By the next day, day 6, I was starting to leave the walker behind while walking around in certain rooms, such as the kitchen which has multiple countertops I could use for stability.
On day 7 I had my second PT session at home. I got several new exercises and instructions on increasing my walking distance: add 1 house per day, which I incorporated into that day’s walks. The following day I could go all the way around the block! So what if it’s a small block?!
By my third PT session (day 11) I was still taking the walker with me for the walks, but for the most part I was just carrying it in front of me for looks rather than weight-bearing support. So my physical therapist graduated me to using a cane.
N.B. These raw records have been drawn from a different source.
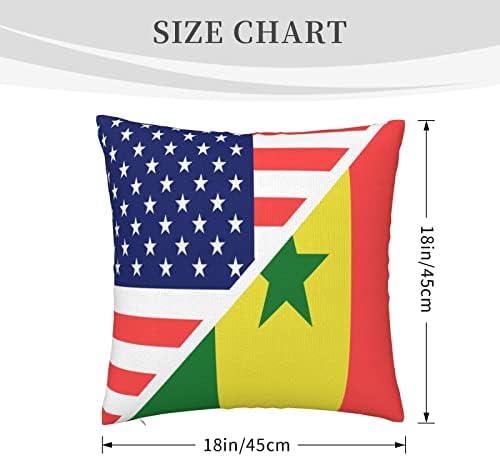 Kadeux America i Senegal zastava jastučni umetci 18x18 inčni jastuci za bacanje u umetanje pokrivača jastuka za trgu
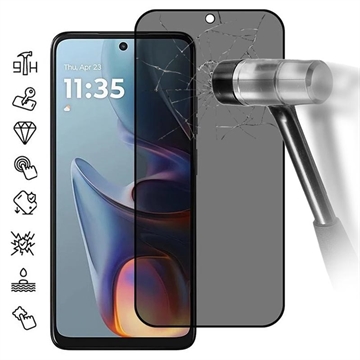 Motorola Moto E15 Privacy Full Cover Panzerglas - Schwarz Rand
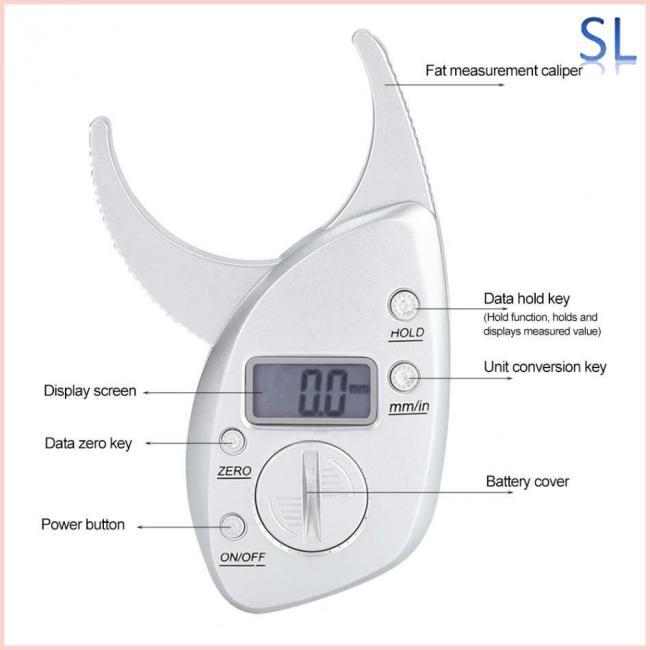 Digital LCD Body Fat Caliper Skin Fold Analyzer Measurement Thickness Test 50mm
I was told it was ok to increase my distance by 2 houses per day. I was starting to identify several different short loops and out-and-back walks I could do in different directions from the house, so I wouldn’t get bored with the same itinerary.
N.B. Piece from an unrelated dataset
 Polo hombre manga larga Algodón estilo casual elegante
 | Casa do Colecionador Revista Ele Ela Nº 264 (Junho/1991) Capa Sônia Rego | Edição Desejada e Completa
And I started to get more grandiose in my thinking about my walking distance. The two-house-a-day increase was in the 10-15% range, and I simply projected that percentage to see where it led. I’d been seeing TV ads for a Thanksgiving Day 5k Turkey Trot. According to my projection I actually would get to 5k in time – the power of compounding, for sure.
On day 14 I went in for x-rays and an appointment with my PA. I asked what he thought about walking 5k on Thanksgiving and quickly explained how I came up with the idea. To his credit he maintained his composure, and then replied with a reference to the big red Stop sign he’d mentioned prior to my discharge from the hospital. The 5k would be too much too soon. What I had not realized is that the first 6 weeks are critical for the initial stages of bone healing: so-called fixation. So, even though I felt great and could certainly tolerate more walking, it was not the right thing to do. I really only needed enough weight-bearing to stimulate bone growth. In fact, he instructed me not to increase my distance any more until my next appointment 4 weeks later. Although I was deeply disappointed, I knew I was going to do exactly what he recommended.
In response, my physical therapist suggested the next day that I divide my 2-walk distance into 3 walks: shorter, more frequent walks were better. So I did. I had also been carrying the cane, more or less like a fashion accessory rather than a weight-bearing assistive device. She recommended that I make a point of using the cane to bear some weight. This had the (probably intended) effect of slowing me down, since I was not very adept at using the cane. After this session I was discharged from home-based PT: no more new exercises, increases in repetitions or complexity, or increased walking distance. It had become a waiting game, and I needed to exercise my patience.
I had also gotten to see my x-rays for the first time since the surgery. The picture in the header to these postings is copied from a Wikipedia article and is of a left hip, but otherwise looks generally similar to my x-rays. I thought the screws were pretty impressive, as well as hard-to-miss.
It is perhaps amusing to note that, other than feeling like I was on an enforced plateau for 4 weeks, my biggest frustration was getting socks on and off. It was simply hard to reach my toes, no matter which way I tried. The other frustration was not being allowed to drive. Even though I had numerous offers from friends, and my significant other was very helpful, I am used to having independence and this was a real limitation.
I was grateful every day that my recovery was progressing so well. I am sure that things had gone so well because I was in good physical condition at the time of my injury. On the one hand there was the irony that, barely 10 days after walking a marathon, I had my hip pinned. On the other hand I recognized that the marathon – or, more precisely, my training for it – was a silver lining with respect to the baseline condition for my recovery.